What do those obscure user accounts mean?

marales314 · 08-15-2007, 07:47 PM

In my linux installation there are a few user accounts that I don't understand, such as "bin", "sync", "sys", "lp", "proxy", and "daemon". Why are they there?

cgjones · 08-15-2007, 08:32 PM

From the Securing Debian Manual

Quote:

daemon: Some unprivileged daemons that need to write to files on disk run as daemon.daemon (e.g., portmap, atd, probably others). Daemons that don't need to own any files can run as nobody.nogroup instead, and more complex or security conscious daemons run as dedicated users. The daemon user is also handy for locally installed daemons.

bin: maintained for historic reasons.

sys: same as with bin. However, /dev/vcs* and /var/spool/cups are owned by group sys.

sync: The shell of user sync is /bin/sync. Thus, if its password is set to something easy to guess (such as ""), anyone can sync the system at the console even if they have don't have an account.

lp: Used by printer daemons.

proxy: Like daemon, this user and group is used by some daemons (specifically, proxy daemons) that don't have dedicated user id's and that need to own files. For example, group proxy is used by pdnsd, and squid runs as user proxy.

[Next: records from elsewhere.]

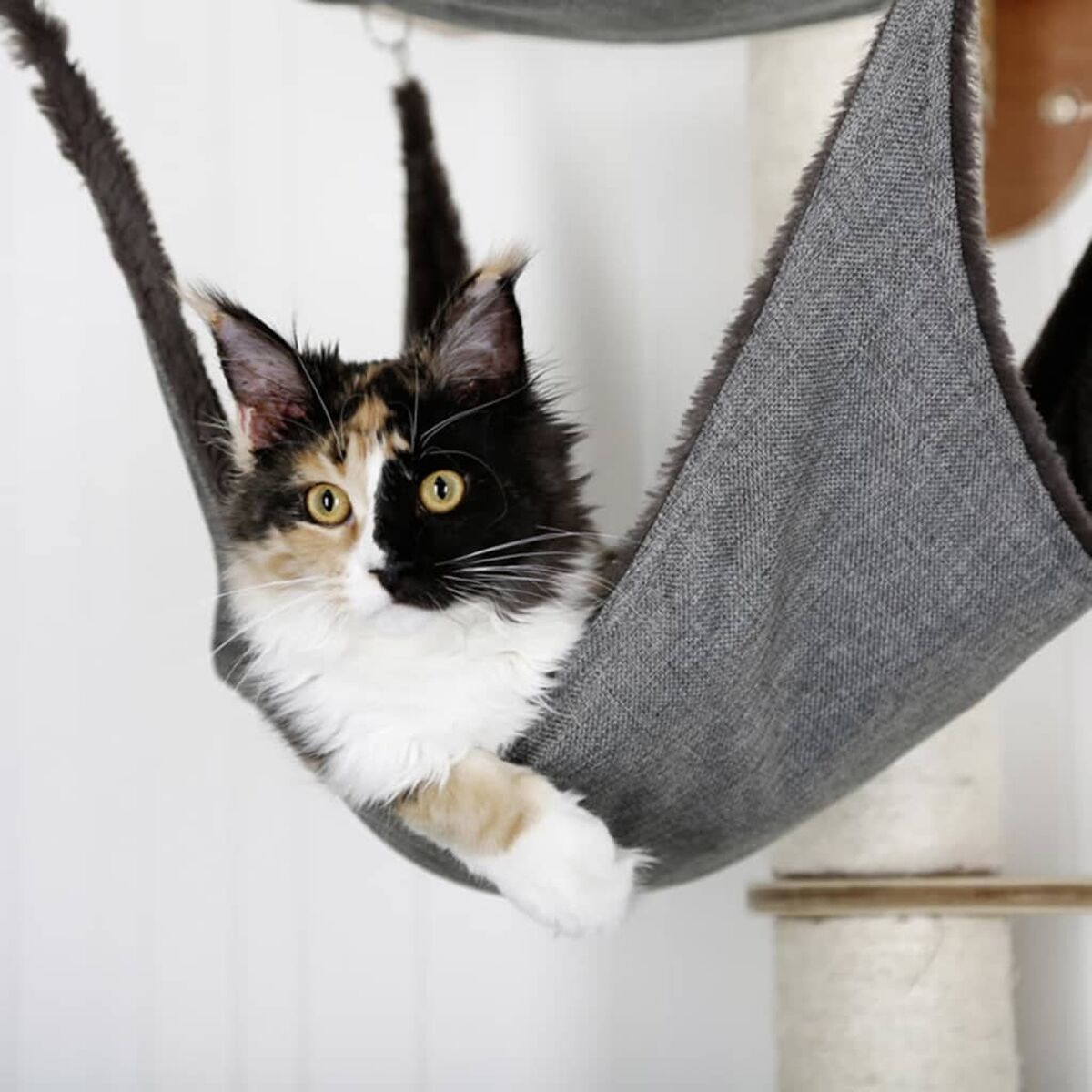 Schildpattkatze liegt in einer grauen Hängematte. Die Katze hat ein halb schwarzes und halb orangefarbenes Gesicht.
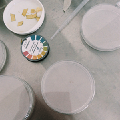 Thumbnail for version as of 21:38, 5 May 2015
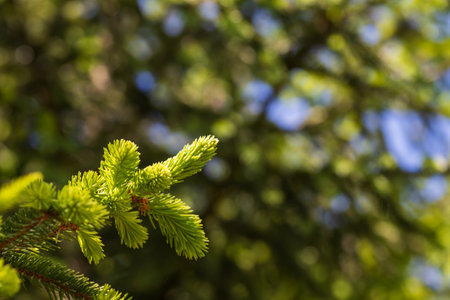 Spruce coniferous tree twigs. Young green shoots on the edge of the meadow. There is a cone on the...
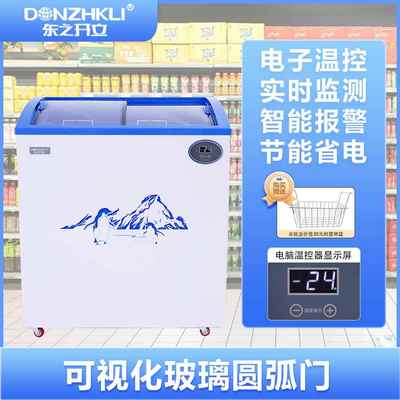 芙蕾米东之开立冷冻冷藏雪糕柜冷冻冰柜商用展示冰柜推拉玻璃门小冰柜床笠拉车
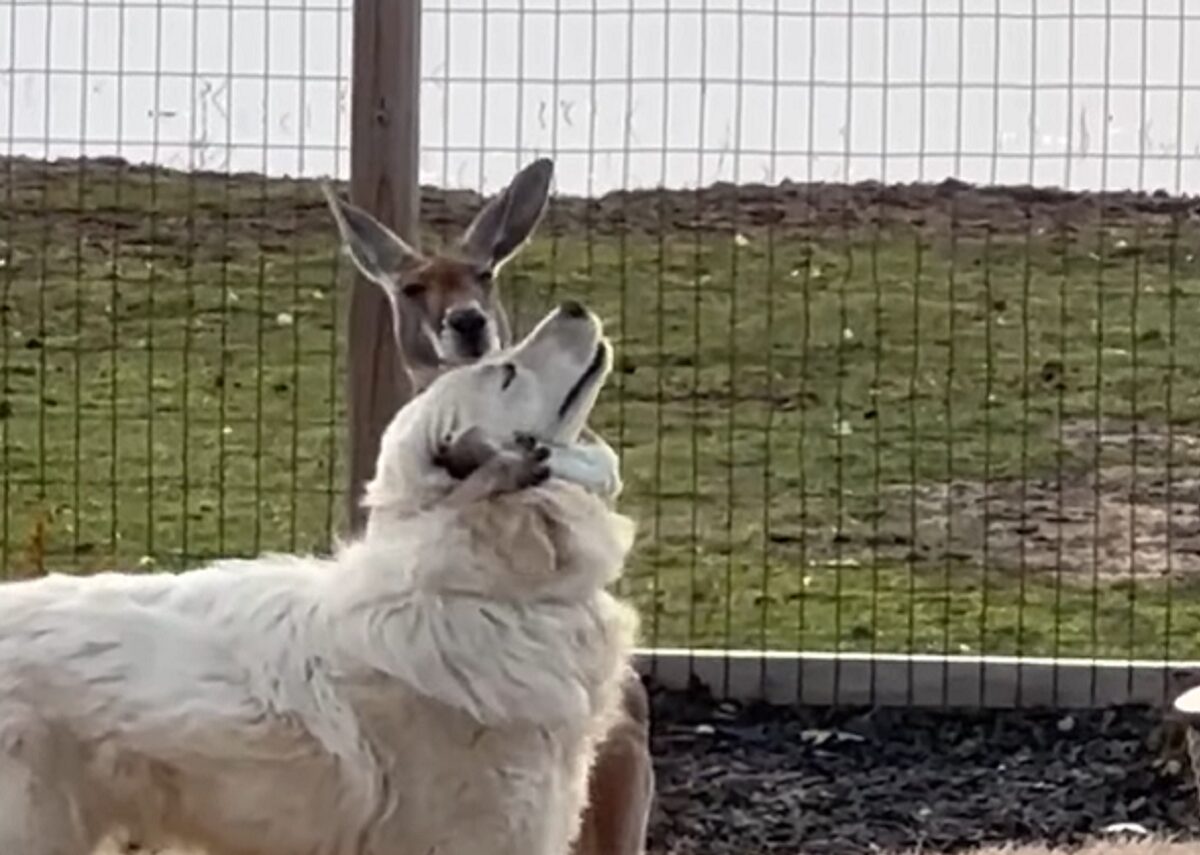 グレートピレニーズとカンガルーは大の仲良し!ぎゅっとハグしているカンガルーがかわいすぎる【アメリカ・動画】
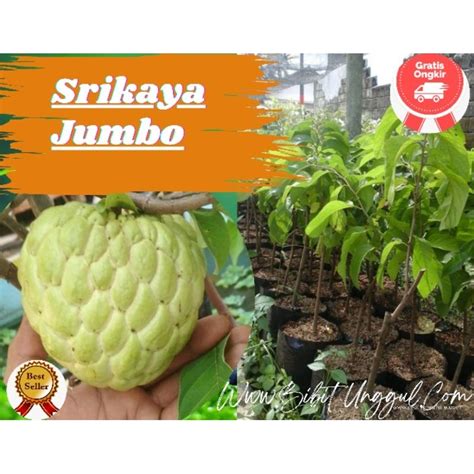 Jual Srikaya Jumbo Terdekat - Harga Murah & Grosir Februari 2026 - raincitystudios.com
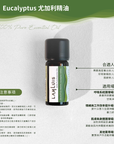 Eucalyptus 尤加利精油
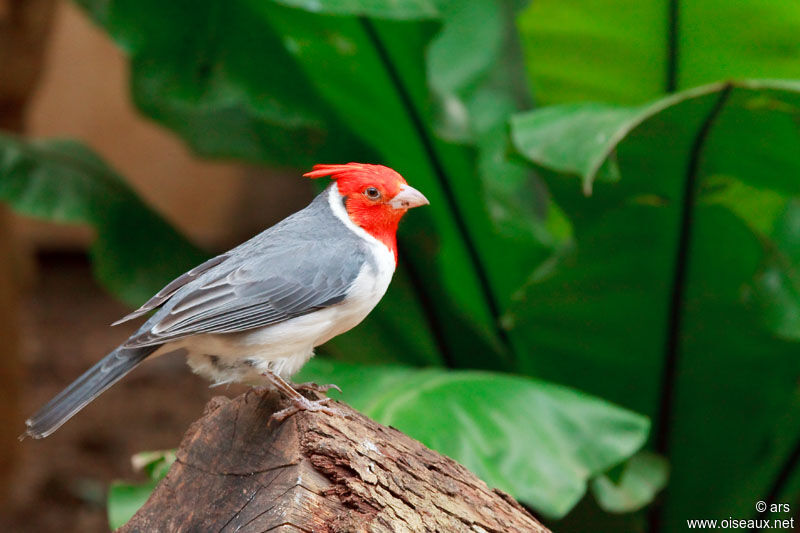 Red-crested Cardinal, identification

Daws · 08-15-2007, 08:33 PM

You are listed as using Debian. If this is still the case then take a look at /usr/share/doc/base-passwd/users-and-groups.html or the txt version. Here are some of the highlights for the users you listed:

Quote:

bin

HELP: No files on my system are owned by user or group bin. What good are
they? Historically they were probably the owners of binaries in /bin? It is
not mentioned in the FHS, Debian Policy, or the changelogs of base-passwd
or base-files.

LSB 1.3 lists bin as legacy, and says: "The 'bin' UID/GID is included for
compatibility with legacy applications. New applications should no longer
use the 'bin' UID/GID."

sync

The shell of user sync is /bin/sync. Thus, if its password is set to
something easy to guess (such as ""), anyone can sync the system at the
console even if they have no account on the system.

sys

HELP: As with bin, except I don't even know what it was good for
historically.

I'm told that /var/spool/cups is owned by group sys, dunno why.

lp

The lp* devices are writable by this group so that users in it can access
the parallel ports directly. Traditionally this job is taken by a printer
daemon instead which will only need to run in this group.

The lpr system keeps its spool directories owned by lp/lp. Its daemon and
frontend tools (through setuid) run as user root.

HELP: what do other print systems (rlpr, lprng, ...) do?

daemon

Some unprivileged daemons that need to be able to write to some files on
disk run as daemon.daemon (portmap, atd, jabberd, lambdamoo, mon, and
others). Daemons that don't need to own any files sometimes run as
nobody.nogroup instead; it is generally better practice to use a dedicated
user, and more complex or security-conscious daemons certainly do this. The
daemon user is also handy for locally installed daemons, probably.

LSB 1.3 lists daemon as legacy, and says: "The 'daemon' UID/GID was used as
an unprivileged UID/GID for daemons to execute under in order to limit
their access to the system. Generally daemons should now run under
individual UID/GIDs in order to further partition daemons from one
another."

proxy

Like daemon, this user and group is used by some daemons (specifically,
proxy daemons) that don't have dedicated user ids and that need to own
files. For example, group proxy is used by pdnsd, and squid runs as user
proxy.

Unfortunately it appears that some of the answers you seek may be buried in time...

marales314 · 08-16-2007, 12:35 AM

Thanks, I looked at both the Securing Debian Manual and the users-and-groups page, and they are both exactly what I was looking for.